Pictures with short captions
*** Begin section ***

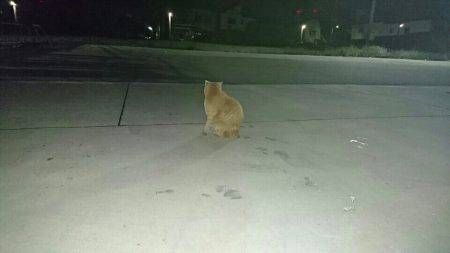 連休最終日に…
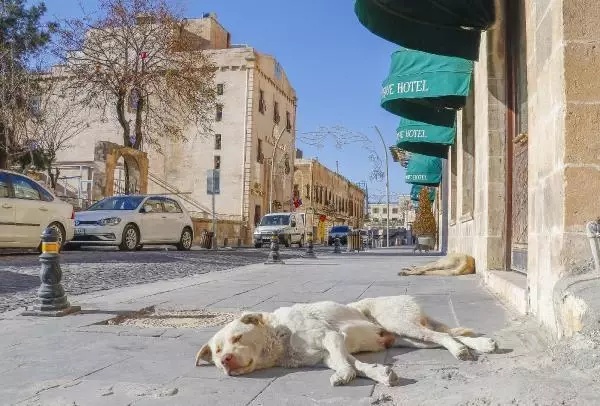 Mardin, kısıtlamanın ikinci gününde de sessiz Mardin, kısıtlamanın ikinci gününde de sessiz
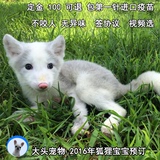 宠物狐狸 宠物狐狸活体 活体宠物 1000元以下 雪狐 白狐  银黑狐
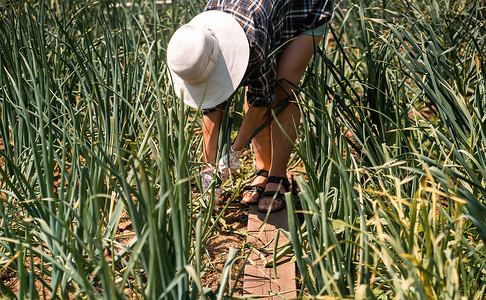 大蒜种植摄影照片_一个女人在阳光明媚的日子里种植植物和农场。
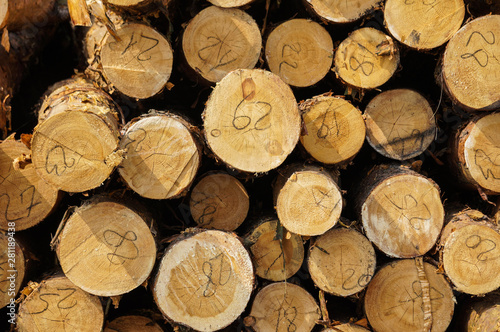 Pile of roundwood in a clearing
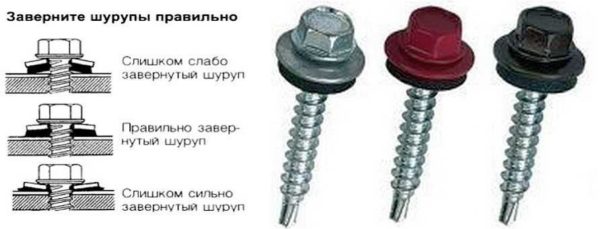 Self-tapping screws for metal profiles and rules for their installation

*** End section ***
*** Begin section ***

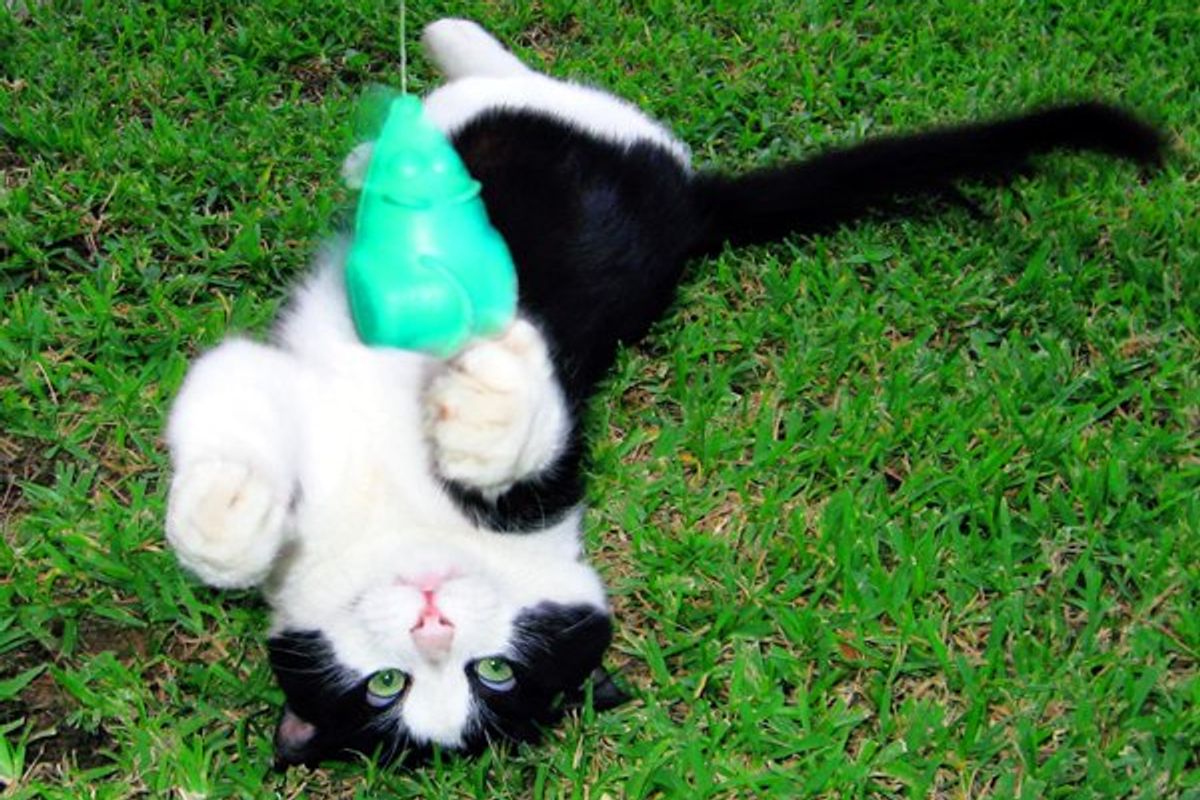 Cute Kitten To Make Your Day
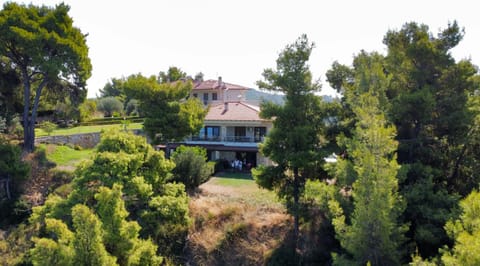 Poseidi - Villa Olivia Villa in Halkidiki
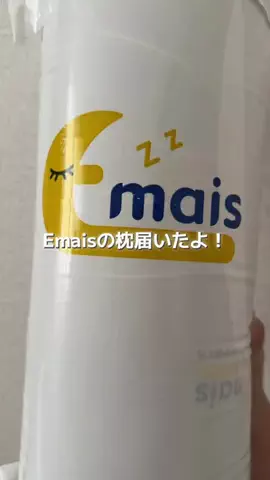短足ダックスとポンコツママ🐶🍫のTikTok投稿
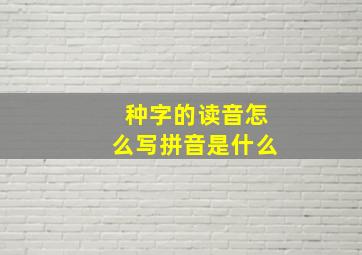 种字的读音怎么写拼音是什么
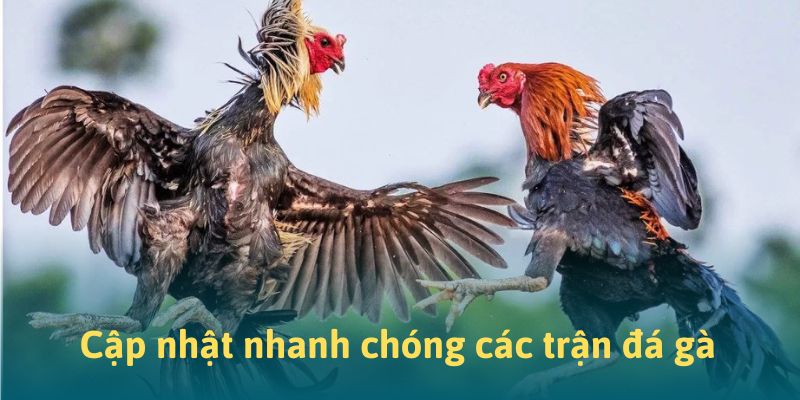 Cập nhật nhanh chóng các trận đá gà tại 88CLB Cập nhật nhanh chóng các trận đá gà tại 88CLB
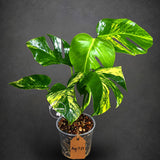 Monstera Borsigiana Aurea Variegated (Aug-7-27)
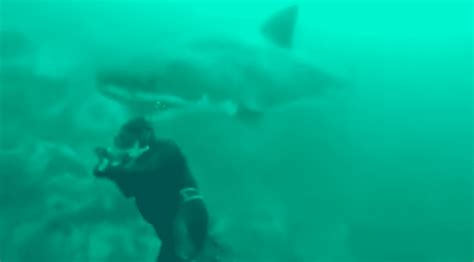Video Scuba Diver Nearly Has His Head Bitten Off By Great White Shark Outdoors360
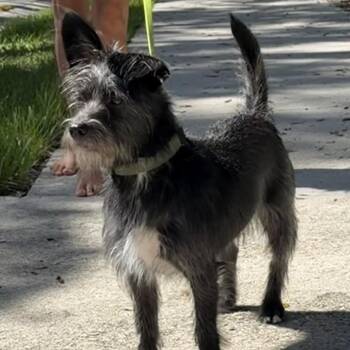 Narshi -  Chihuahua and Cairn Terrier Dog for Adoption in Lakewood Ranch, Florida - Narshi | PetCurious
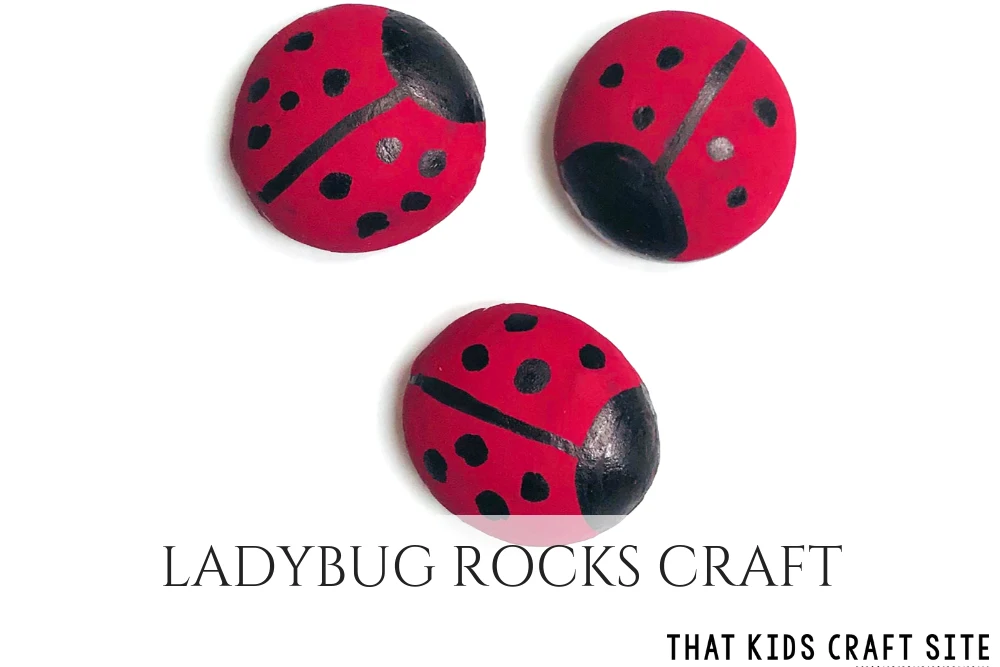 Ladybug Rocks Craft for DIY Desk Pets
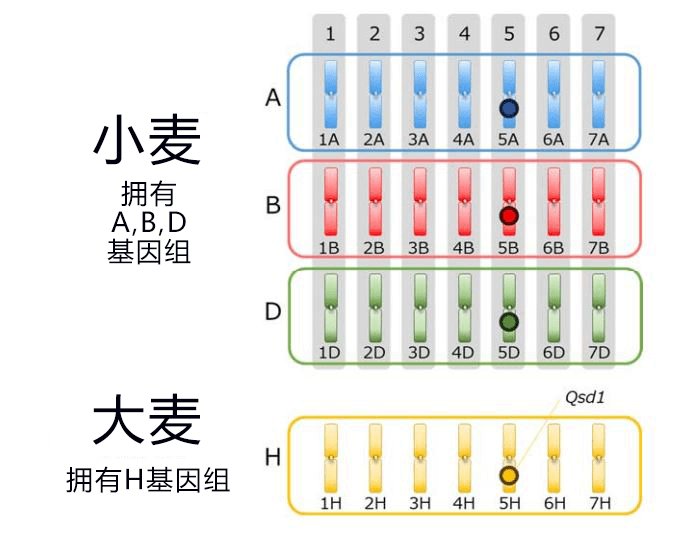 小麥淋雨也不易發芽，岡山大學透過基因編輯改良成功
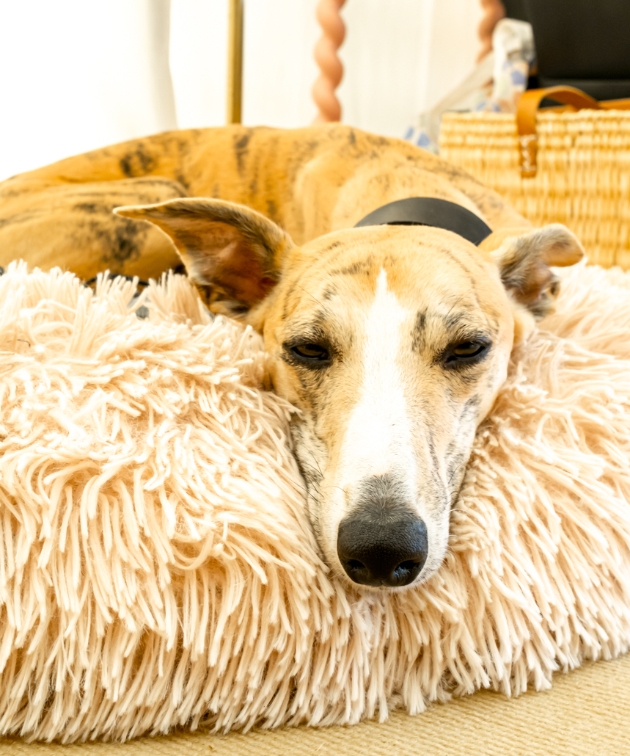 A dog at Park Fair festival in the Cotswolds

*** End section ***

Out of the records above, set down only the lines from the one that contains "Narshi | PetCurious" through the one that contains "A dog at Park Fair festival in the Cotswolds", unchanged and without the pictures.

 Narshi -  Chihuahua and Cairn Terrier Dog for Adoption in Lakewood Ranch, Florida - Narshi | PetCurious
 Ladybug Rocks Craft for DIY Desk Pets
 小麥淋雨也不易發芽，岡山大學透過基因編輯改良成功
 A dog at Park Fair festival in the Cotswolds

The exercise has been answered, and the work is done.